By writing in Italian she found a new challenge to express herself without a style but with an aim to be understood in a non-native tongue. In her last act to obtain complete fluency, Lahiri moved with her family to Rome, Italy, which is where she resides, not unlike Beckett who sought his success in France. As she states in the New Yorker:
“By writing in Italian, I think I am escaping both my failures with regard to English and my success. Italian offers me a very different literary path. As a writer I can demolish myself, I can reconstruct myself.”
Samuel Beckett (1906-1989)
Samuel Beckett grew up outside of Dublin and attended school at Trinity College where he studied English, French, and Italian. He later moved to Paris where he met James Joyce, an influential writer in his life.
Beckett spent his adult life writing novels, plays, and poetry in Paris, and primarily in French where he found the most acclaim, including the famous Waiting for Godot. In French, Becket writes sparingly and very precisely. When asked why he writes in French he believes that writing in his mother tongue gets shrouded in stylistic excess.

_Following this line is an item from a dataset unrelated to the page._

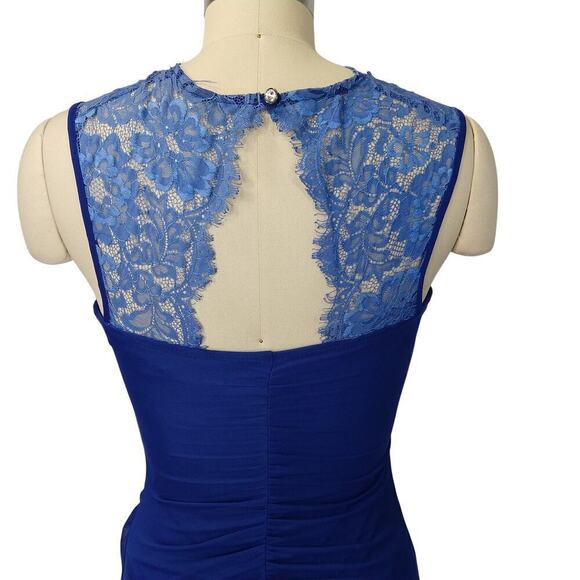 Vintage 90s Y2K Prom Dress Maxi Gown Size S Royal Blue Lace Sleeveless Formal - Picture 9 of 11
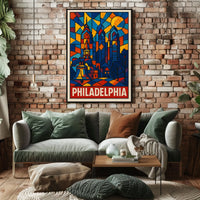 Philadelphia In Stained Glass Poster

“More and more my own language appears to me like a veil that must be torn apart in order to get at the things (or the Nothingness) behind it. Grammar and Style. To me, they seem to have become as irrelevant as a Victorian bathing suit or the imperturbability of a true Gentleman. A mask.” – Samuel Beckett
Vladimir Nabokov (1925-1977)
Vladimir Nabokov grew up in Saint Petersburg, Russia and grew up a trilingual in Russian, French, and English. After the Bolshevik revolution, his family fled to Berlin, where he soon met Verá Yevseyeva Slonim, a Russian Jew, who became his wife and future assistant. After anti-Semitism rose, the Nabokov family moved to France and then Nabokov sought work in the United States and he became a faculty member at Wellesley College. Verá helped him translate and edit Lolita in English. Then, he translated the book back into his mother tongue of Russian. Much like Lahiri, Nabokov feels restricted by writing in his native tongue. He adds in his interview with The Paris Review that although he lacks a natural vocabulary in English he lacks the thrill he once had whilst writing in Russian.
“My native tongue—I can no longer use… My English, this second instrument I have always had, is however a stiffish, artificial thing, which may be all right for describing a sunset or an insect, but which cannot conceal poverty of syntax and paucity of domestic diction when I need the shortest road between warehouse and shop.”
Joseph Conrad (1857-1924)
Joseph Conrad was a poor student and was very sickly, thus doctors suggested hard work and fresh air for his health. His uncle thought a career in the merchant marines would be a good solution; although his health continued to fail his passion for writing, the ability to speak Polish, French, and English and many of his characters were taken from his seafaring travels.
His style and his unique characters inspired authors like T.S. Elliot (1888-1965), William Faulkner (1897-1962), and Salman Rushdie (1947-). Additionally, his writing was additionally inspirational in films like Apocalypse Now and books adapted to film like Heart of Darkness. Conrad’s prose had the ability to enable a reader to feel, see, and even hear through his words.
All of these authors share success in their non-native tongue and adopting their new nationality. Likewise, they have been able to metamorphose into a different type of writer, emerging stronger and more capable while writing in their adopted language. Each writer inspires the next and should embolden you to try and write in a foreign language no matter how difficult it may be. So, how about it? How will you fare when you learn a new language?